A federal indictment issued on July 9, 2020, charged the gunman with 90 counts, including a hate crime resulting in death, a hate crime involving an attempt to kill and the use of a firearm to commit murder. Crusius has been in custody since the Aug. 3, 2019, shooting and pleaded guilty earlier this year.
He drove more than 600 miles from his home in Allen, north of Dallas, to El Paso and began shooting people in the parking lot of a Walmart that was busy with back-to-school shoppers before entering the store and continuing his rampage. The 23 victims who died and 22 others he wounded were mostly Mexican Americans and Mexican citizens from El Paso and Ciudad Juárez. It is common for residents of both cities to travel daily back and forth for work, school, visiting family and shopping.
The victims ranged in age from 15 to 90 years old.
According to the indictment, the gunman uploaded a document to the internet explaining his motive: “This attack is a response to the Hispanic invasion of Texas. They are the instigators, not me. I am simply defending my country from cultural and ethnic replacement brought on by the invasion.”
Before and after the mass shooting in El Paso, some Texas politicians have described the growing number of migrants arriving at the Texas-Mexico border — many of them asylum-seekers fleeing violence and harsh poverty in Central and South America — as an “invasion.” The “ethnic replacement” the gunman wrote about comes from a debunked conspiracy theory that people of color and immigrants are looking to replace white Americans.
Crusius’ lawyers have said in court documents that he “has been diagnosed with severe, lifelong neurological and mental disabilities.”
He still faces state charges. El Paso District Attorney Bill Hicks said on Thursday that he plans to seek the death penalty after a trial expected to happen in 2024 or 2025.
On Wednesday and Thursday, the gunman heard from more than 30 relatives of the people he killed. Some relatives asked prosecutors to read their statements in court. Some of them referred to the shooter as an “evil parasite” and a “monster.” Some wished him to rot in his prison cell.

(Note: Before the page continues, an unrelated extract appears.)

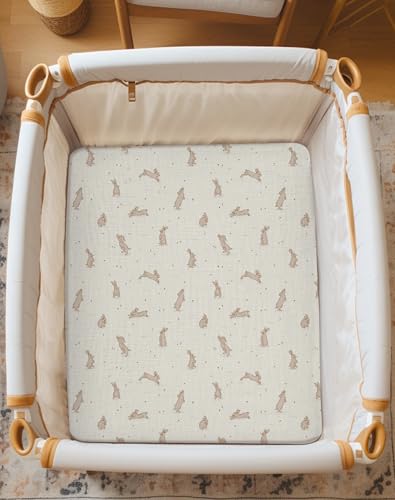 Image of Bassinet Sheet for Baby Boy and Girl 2 Pack, Fitted Sheets for Rectangle, Oval, Hourglass Bassinet Mattress, Muslin Moses Basket Sheets with Neutral Style (Hopping Bunnies & Beige)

On Thursday, Harry Dean Reckard, whose 63-year-old mother was killed in the shooting, spent part of his birthday in court confronting his mother’s killer.
The gunman had his head down when Reckard told him: “Look at me, man. You’re young and pathetic.”
Crusius shrugged when Reckard noted that he has smiled and rolled his eyes as family members gave their statements.
“Do you sleep good at night?” Reckard asked him.
The gunman shook his head.
Reckard asked the gunman if he was a white supremacist. Again he shook his head no.
“Are you sorry for what you did?” Reckard asked him.
The gunman nodded yes.
Margaret Juarez, who lost her 90-year-old father, Luis Juarez, in the shooting — her mother, Martha Juarez, was wounded — berated him for his beliefs about immigrants on Thursday and gave him a quick history lesson.
“Native Americans and Mexicans were already here before your American settler homies rolled in,” she told him. “Think about that when you say you’re defending your country.”